**PROBLEM REQUIREMENTS:** Pick each line that has "Interior" out of the records.

(Items listed in a dataset)
Content starts

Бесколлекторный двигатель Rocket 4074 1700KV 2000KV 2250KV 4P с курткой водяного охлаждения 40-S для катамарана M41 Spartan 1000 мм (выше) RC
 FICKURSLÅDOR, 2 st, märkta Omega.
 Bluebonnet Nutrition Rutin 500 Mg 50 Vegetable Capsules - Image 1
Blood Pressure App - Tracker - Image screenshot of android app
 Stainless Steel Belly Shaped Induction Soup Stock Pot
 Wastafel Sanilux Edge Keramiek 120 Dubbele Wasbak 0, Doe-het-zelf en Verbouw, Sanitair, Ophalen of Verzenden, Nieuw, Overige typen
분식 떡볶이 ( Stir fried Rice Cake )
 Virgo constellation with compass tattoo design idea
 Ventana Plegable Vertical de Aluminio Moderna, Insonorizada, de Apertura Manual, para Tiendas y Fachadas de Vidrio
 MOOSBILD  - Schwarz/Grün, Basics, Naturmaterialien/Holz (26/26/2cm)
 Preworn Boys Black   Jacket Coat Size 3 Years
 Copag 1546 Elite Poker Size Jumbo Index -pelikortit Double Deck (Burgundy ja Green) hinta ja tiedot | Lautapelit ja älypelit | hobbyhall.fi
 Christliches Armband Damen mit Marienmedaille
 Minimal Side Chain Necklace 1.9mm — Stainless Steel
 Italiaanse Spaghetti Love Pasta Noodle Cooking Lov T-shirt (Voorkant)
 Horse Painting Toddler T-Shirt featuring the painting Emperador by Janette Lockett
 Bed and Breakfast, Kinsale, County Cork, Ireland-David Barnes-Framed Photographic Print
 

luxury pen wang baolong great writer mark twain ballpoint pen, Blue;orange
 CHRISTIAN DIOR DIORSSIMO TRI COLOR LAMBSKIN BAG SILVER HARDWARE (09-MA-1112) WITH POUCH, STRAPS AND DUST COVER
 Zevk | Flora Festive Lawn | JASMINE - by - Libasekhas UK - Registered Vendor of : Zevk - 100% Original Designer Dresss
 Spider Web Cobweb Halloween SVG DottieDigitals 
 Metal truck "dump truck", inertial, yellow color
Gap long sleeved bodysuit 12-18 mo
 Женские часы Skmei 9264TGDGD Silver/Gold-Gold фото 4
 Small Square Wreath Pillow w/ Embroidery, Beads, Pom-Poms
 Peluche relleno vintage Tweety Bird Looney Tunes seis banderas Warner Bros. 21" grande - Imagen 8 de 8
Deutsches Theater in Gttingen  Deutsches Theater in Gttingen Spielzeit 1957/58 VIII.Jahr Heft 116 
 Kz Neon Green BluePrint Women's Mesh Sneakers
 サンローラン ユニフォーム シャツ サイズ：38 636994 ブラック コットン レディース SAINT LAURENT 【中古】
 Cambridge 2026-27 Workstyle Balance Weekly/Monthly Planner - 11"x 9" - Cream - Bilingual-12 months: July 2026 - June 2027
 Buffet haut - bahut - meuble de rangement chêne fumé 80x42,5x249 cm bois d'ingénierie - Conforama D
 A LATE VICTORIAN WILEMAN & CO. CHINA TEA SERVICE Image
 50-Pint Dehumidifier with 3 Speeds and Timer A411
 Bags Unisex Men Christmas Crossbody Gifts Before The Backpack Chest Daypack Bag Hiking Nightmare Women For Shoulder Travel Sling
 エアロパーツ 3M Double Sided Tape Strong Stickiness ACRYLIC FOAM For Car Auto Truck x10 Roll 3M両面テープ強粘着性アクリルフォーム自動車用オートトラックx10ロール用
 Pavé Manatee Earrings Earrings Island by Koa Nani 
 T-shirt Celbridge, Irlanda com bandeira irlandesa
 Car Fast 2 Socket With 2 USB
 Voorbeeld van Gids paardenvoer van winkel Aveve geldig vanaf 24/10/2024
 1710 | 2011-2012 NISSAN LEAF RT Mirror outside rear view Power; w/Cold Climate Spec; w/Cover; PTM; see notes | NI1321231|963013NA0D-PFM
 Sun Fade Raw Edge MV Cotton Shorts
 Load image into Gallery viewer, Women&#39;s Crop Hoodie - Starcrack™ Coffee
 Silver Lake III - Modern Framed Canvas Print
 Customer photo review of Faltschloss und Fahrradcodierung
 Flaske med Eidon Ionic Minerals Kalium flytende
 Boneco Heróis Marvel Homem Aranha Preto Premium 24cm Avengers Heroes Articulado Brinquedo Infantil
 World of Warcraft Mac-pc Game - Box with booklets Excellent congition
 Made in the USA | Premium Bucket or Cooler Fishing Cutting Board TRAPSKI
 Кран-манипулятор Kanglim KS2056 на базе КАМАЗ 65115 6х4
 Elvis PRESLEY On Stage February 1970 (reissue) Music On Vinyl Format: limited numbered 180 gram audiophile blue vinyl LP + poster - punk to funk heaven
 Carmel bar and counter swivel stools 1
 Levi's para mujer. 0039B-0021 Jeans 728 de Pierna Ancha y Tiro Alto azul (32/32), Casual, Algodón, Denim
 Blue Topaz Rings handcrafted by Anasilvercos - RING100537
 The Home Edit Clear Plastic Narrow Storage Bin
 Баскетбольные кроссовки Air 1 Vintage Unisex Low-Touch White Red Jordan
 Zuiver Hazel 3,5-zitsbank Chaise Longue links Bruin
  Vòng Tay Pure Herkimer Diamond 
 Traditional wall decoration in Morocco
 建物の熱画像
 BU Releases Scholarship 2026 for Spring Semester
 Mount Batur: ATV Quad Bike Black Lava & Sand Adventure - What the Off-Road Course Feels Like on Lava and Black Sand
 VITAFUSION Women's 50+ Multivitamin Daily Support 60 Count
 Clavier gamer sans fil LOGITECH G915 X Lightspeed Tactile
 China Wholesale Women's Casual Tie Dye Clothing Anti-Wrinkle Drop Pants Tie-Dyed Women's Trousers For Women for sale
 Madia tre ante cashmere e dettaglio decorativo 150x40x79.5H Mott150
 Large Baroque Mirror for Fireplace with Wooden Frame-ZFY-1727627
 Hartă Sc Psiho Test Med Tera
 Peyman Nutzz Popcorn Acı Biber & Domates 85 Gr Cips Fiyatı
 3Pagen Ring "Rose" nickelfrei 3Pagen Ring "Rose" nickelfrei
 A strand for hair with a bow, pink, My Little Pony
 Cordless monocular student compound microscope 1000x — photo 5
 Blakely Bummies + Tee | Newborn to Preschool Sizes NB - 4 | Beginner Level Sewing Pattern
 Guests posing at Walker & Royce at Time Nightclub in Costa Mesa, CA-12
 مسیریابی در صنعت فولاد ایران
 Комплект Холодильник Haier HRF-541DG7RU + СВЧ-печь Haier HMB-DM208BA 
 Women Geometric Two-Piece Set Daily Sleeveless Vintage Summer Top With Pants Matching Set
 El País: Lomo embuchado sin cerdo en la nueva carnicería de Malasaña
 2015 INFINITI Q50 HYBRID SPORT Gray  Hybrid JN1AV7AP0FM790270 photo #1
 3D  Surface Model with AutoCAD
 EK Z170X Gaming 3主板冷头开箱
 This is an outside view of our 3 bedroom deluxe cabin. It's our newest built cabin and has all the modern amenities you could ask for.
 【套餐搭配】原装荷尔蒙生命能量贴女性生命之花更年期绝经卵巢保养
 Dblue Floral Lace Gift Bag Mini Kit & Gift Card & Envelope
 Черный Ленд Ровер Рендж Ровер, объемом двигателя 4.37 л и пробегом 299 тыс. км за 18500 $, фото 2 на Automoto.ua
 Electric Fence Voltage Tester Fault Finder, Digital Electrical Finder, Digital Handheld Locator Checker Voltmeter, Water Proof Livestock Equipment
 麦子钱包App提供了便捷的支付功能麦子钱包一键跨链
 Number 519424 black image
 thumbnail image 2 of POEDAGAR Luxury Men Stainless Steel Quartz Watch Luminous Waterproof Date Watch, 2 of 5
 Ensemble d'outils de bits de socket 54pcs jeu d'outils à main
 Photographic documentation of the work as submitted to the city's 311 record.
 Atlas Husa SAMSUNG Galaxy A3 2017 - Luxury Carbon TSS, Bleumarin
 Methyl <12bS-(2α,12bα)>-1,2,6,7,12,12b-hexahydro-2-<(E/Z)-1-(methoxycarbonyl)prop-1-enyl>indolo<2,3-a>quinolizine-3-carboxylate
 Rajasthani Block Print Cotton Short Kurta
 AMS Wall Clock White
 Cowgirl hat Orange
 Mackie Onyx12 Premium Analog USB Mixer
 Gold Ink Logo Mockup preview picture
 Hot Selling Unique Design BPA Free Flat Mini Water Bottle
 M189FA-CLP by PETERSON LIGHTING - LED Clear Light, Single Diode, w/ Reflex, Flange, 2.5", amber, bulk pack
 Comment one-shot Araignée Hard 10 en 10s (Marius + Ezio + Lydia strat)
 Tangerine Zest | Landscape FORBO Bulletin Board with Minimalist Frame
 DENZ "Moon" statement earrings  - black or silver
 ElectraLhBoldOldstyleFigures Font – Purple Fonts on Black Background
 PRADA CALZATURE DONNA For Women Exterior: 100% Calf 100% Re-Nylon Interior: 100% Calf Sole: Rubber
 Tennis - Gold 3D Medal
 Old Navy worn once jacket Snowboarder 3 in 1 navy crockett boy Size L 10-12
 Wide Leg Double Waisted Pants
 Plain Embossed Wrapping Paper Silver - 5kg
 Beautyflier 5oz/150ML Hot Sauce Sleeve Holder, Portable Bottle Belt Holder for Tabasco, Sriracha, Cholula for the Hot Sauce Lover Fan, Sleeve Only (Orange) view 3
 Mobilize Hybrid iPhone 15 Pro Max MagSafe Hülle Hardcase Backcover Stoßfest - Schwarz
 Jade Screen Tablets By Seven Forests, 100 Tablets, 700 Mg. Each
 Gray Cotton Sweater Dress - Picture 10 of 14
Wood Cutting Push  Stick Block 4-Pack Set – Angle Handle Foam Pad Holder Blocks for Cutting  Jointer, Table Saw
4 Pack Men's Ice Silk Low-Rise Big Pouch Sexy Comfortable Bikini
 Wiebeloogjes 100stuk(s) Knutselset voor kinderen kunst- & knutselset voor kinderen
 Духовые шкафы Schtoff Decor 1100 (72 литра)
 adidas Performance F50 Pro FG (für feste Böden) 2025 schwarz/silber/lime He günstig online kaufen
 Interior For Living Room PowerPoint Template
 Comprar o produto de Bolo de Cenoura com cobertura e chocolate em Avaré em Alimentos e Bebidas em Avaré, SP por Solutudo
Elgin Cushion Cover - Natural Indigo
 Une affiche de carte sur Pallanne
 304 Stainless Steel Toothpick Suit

Content ends

**ANSWER SPACE:**
 PRADA CALZATURE DONNA For Women Exterior: 100% Calf 100% Re-Nylon Interior: 100% Calf Sole: Rubber
 Interior For Living Room PowerPoint Template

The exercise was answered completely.